Young Muslim Americans speak on Societal Integration in the USA

Popular cable TV anchor and host Riz Khan of the Al-Jazeera English TV speaks to young Muslim Americans on their experiences regarding societal attitudes especially post 9/11. Also includes opinions by spokesperson of the Department of Homeland Security, American Government.

All the participants had a mix of opinion but the net of their opinion affirmed that being a Muslim surely had a compromising effect on their lives in the American society. The guest Muslim girls wearing hijab also shared that despite the fact that they chose to wear hijab without any compulsion, the American public in general thought of it as a symbol of oppression and looked upon the girls in a sympathetic fashion.

This discussion reveals that despite having diversity in the USA the society has really not been able to understand and thus respect their different lifestyles that emanate from their unique belief systems.
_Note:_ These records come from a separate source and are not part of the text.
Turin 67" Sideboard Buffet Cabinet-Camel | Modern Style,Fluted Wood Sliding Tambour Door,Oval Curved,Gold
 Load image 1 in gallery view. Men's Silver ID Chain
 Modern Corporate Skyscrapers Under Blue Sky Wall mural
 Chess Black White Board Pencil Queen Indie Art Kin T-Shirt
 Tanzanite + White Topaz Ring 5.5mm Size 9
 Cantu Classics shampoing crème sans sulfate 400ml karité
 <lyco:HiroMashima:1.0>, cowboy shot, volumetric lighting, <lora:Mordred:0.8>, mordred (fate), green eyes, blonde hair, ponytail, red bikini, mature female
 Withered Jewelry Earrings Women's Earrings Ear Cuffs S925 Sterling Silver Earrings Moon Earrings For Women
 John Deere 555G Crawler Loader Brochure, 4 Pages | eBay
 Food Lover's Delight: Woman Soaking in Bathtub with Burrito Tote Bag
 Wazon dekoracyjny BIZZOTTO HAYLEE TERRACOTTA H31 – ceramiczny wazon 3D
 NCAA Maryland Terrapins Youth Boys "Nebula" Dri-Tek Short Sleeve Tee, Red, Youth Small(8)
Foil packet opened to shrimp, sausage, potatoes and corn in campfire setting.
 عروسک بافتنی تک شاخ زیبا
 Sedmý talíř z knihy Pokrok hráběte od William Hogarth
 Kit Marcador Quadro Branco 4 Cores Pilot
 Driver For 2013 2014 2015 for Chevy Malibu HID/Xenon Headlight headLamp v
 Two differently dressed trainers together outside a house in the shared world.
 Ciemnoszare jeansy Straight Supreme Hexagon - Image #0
The problem occurs whenever a sharp individual deviation or extremity is observed by the society and the focus suddenly narrows towards the Muslim community. This generalization of an individual act is the strongest dis-integrating fault of the American social system that has its foundation laid into ignorance of other faiths and cultures that collectively make up the American Dream.


2 Responses to Young Muslim Americans speak on Societal Integration in the USA

  1. notesabout says:

    Whenever this subjects are brought to attention the participants are identified as Muslims Americans. Actually they are Arabic Muslims Americans. There are lots of Muslim African Americans that do not seem to participate in these discussions.
    Why is that?

  2. soulmind says:

    Valid observation. While I do not know any Muslim African American nor have seen any discussion with them participating on this subject.

    However we know that African Americans have a different history within the American society. Brought in as slaves, having to fight for their basic rights and even today discriminated for the color of their skin by certain sections of the White American community, including affluent circles, their major struggle seems to be around sustaining the basic human freedom they have acquired after much bloodshed and suffering.